Use cron to run job every other week

my colleague was asking about this:

is there a way to run a cron job biweekly, like a script five.sh
to run every *OTHER* Friday within November

its part about every other Friday we cant find any documentation.

thx
L

You have to use some logic inside of that script to check whether it was executed last week, or two weeks ago and decide on result of that test if it should execute now. Then put crontab entry to run the script every friday :).

anything more specific? :slight_smile:

If it is only for November 2010 you use the "day of the month" field choosing two from 5,12,19,26 .

:slight_smile: and what if it isnt for November only, but for any month?

I dont think it can be done with the cron command, and I am looking for someone
to back me up. I dont think the day of week or day of month fields have support
for every *other* Friday.

Mind you I've not tried this but I believe it will work:
This entry should execute your script the 1st, 3rd, and potentially 5th Friday of each month at 8:00am. I didn't see any examples of this but I'm pretty sure it would only run if it matches both the day of month field and the day of week field. Give it a try.

0 8 1-7,15-21,29-31 * 6 /your/script/here

That won't work - if it ran say on the 30th it will also run on the week of 1 - 7.

And the answer is no - just using the crontab * * * * * entries there is no reliable way.
You need to alter the command structure - the part calling your script

Assuming your system supports

date +%s

Because every second Friday is an odd number of days since Thursday, Jan 1, 1970 and
every first Friday is an even number; plus there are 86400 seconds in a day:

when you execute this every friday it will test the day and run

# "first" friday  -- and note # generally does work in crontab files as a comment
0 8 ** 6  [ $((  $(( $(date +%s ) / 86400  )) % 2 )) -eq 0 ] && /path/to/myjob
#  "second" friday
0 8 ** 6  [ $((  $(( $(date +%s ) / 86400  )) % 2 )) -eq 1 ] && /path/to/myjob

Good point Jim. I was only looking within the scope of a single month. You're right, there is no way to do this with-in cron. :rolleyes:

It is not possible to provide crontab parameters to execute a cron every other Friday. It is possible to make a process run under cron every other Friday.
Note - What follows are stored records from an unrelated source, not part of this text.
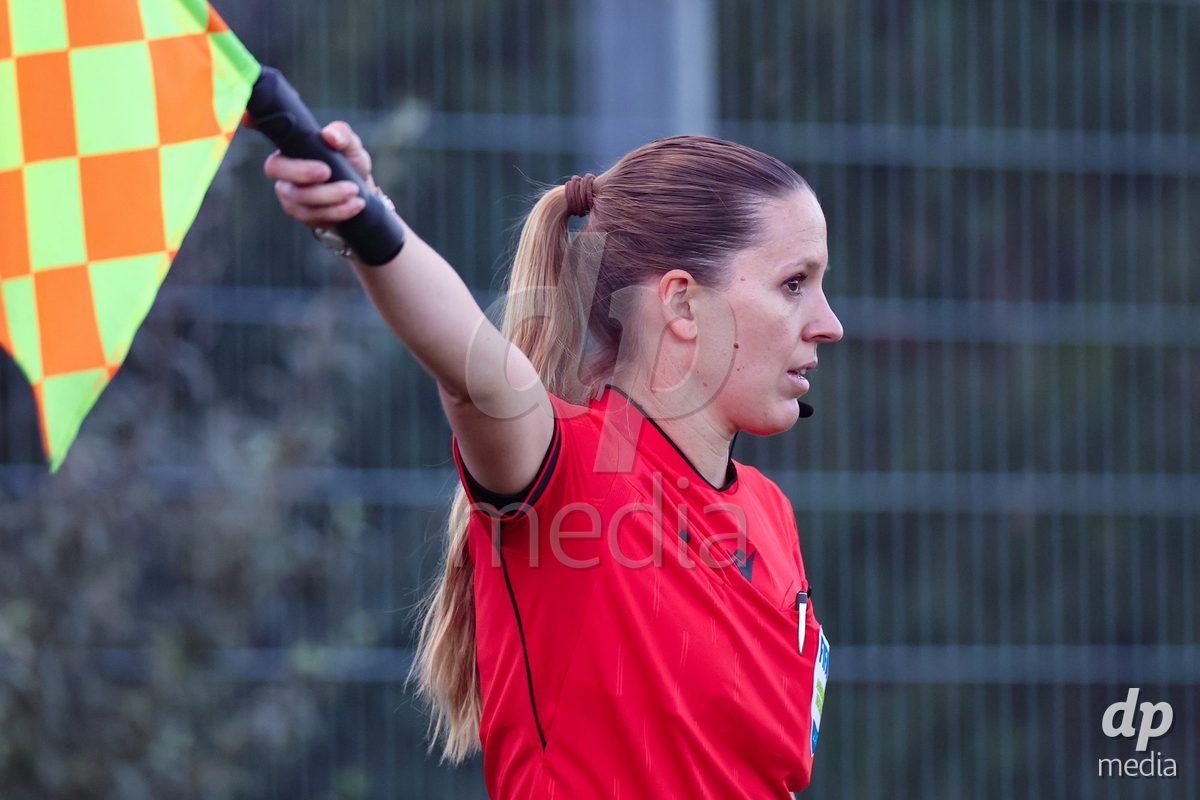 SCHLIEREN, SWITZERLAND - SEPTEMBER 26: The referee assistant, Belinda Pierre-Brehm, during the AXA Women's Cup match between FC Schlieren and FC St. Gallen at Zelgli on September 26, 2026 in Schlieren, Switzerland.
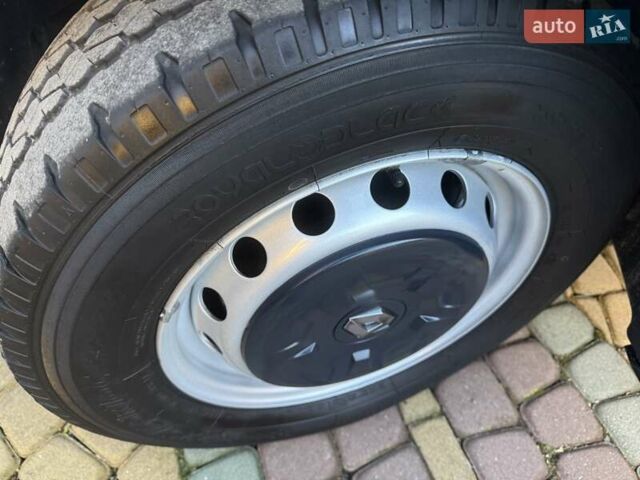 Белый Рено Мастер, объемом двигателя 2.3 л и пробегом 244 тыс. км за 18200 $, фото 8 на Automoto.ua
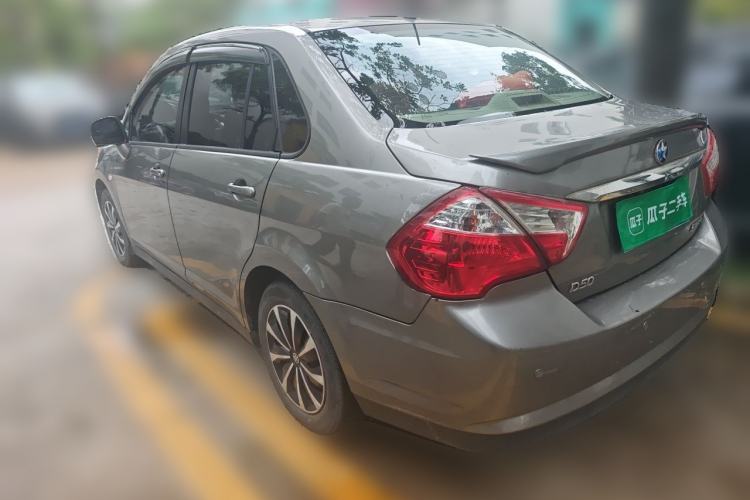 Used Venucia D50 2013 1.6L Automatic Fashion Edition Rear Left 45 Deg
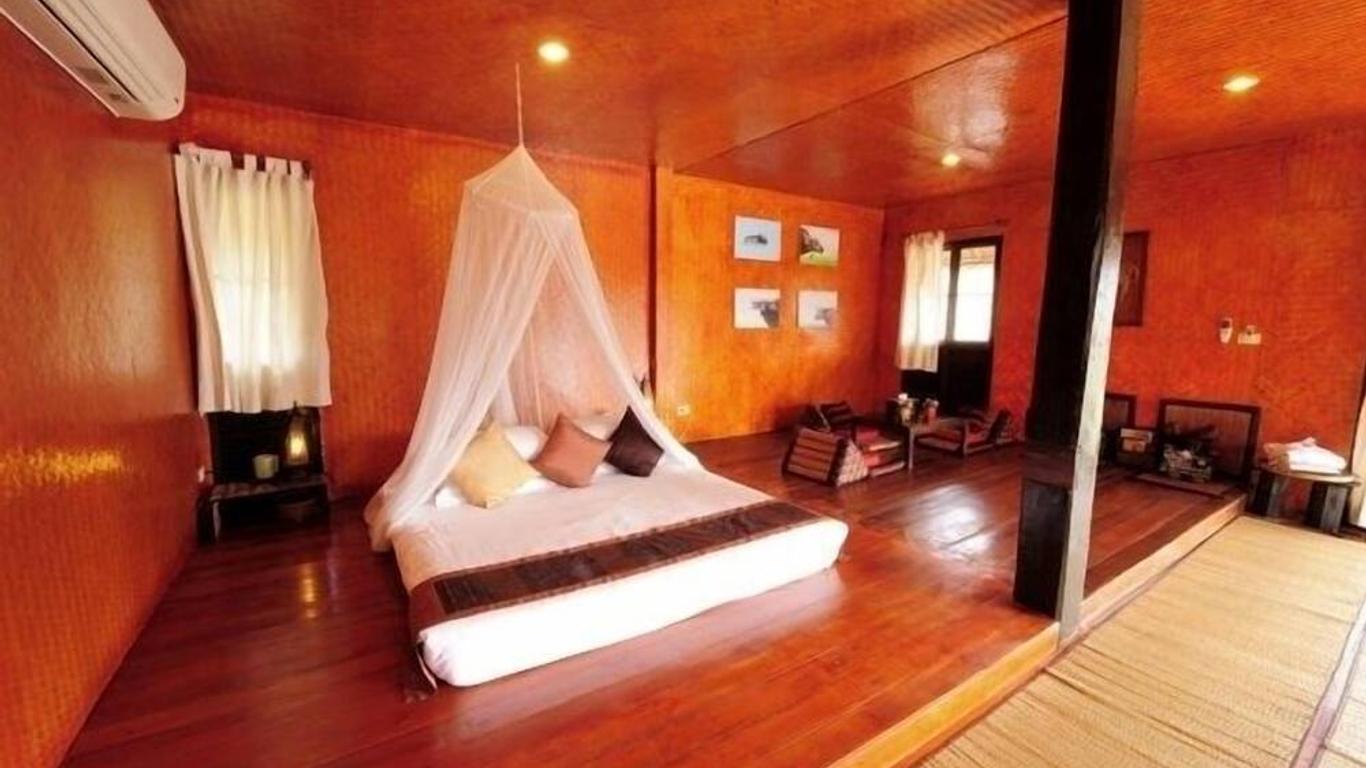 PhuNaCome Resort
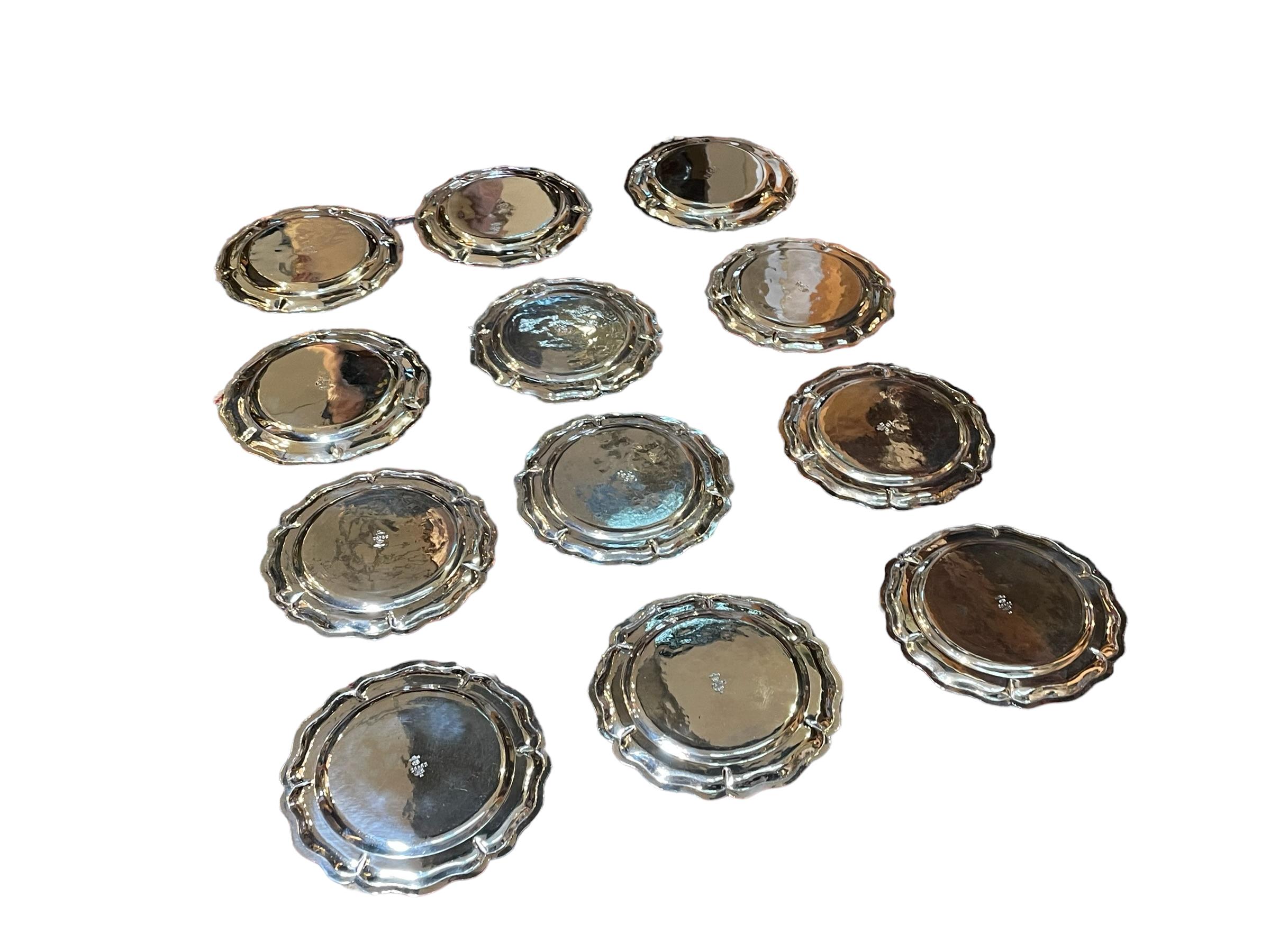 Set di dodici piccoli piatti da dessert e dodici caricatori in argento sterling messicano in vendita 2
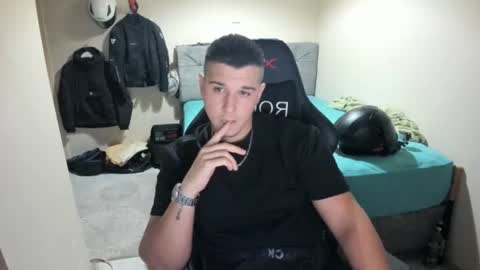 Snapshot of ulxer chatting on 07-17-26, 07:08 hi im mike tyson - online show from 07-17-26, 07:08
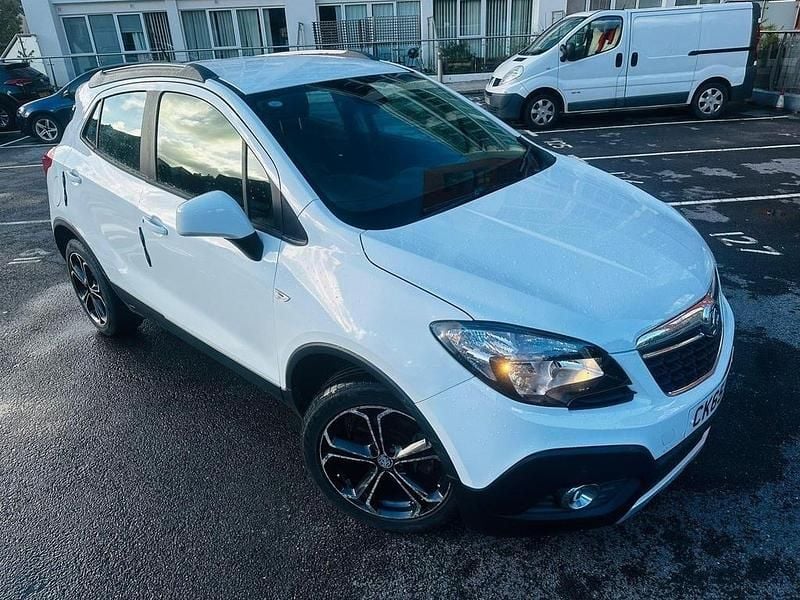 Used Vauxhall Mokka 2015 White SUV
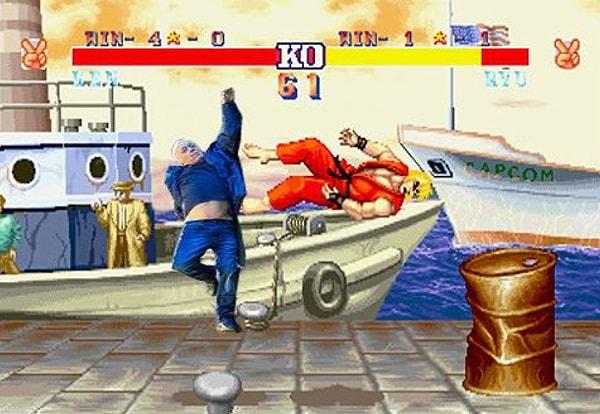 14. Street Fighter'da Ken'i döven Ryu'ya,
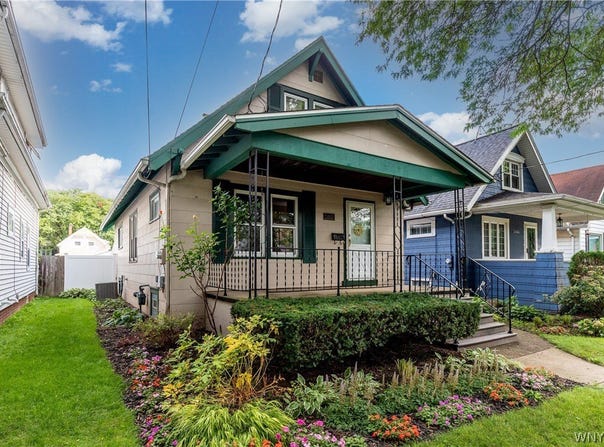 2462 Willow Avenue, Niagara Falls, NY 14305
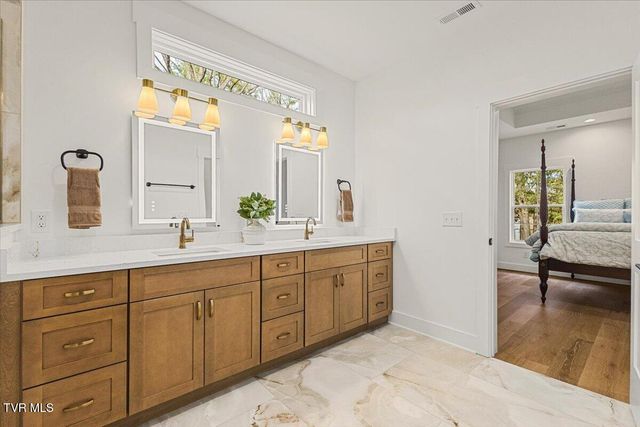 2306 Rambling Road, Johnson City, TN 37604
You could achieve the effect with an "at" job which starts by issuing another "at" job for two weeks hence before continuing execution.
There is an example in Hp-UX "man at" for issuing an "at" job for a specific time one week from next Tuesday. Try it before relying on it.

It is quite easy to write a wrapper script to run weekly from cron which detects the age of a marker file and updates the timestamp on such a marker file. This sort of process will need seeding with a file created with "touch" on the first iteration.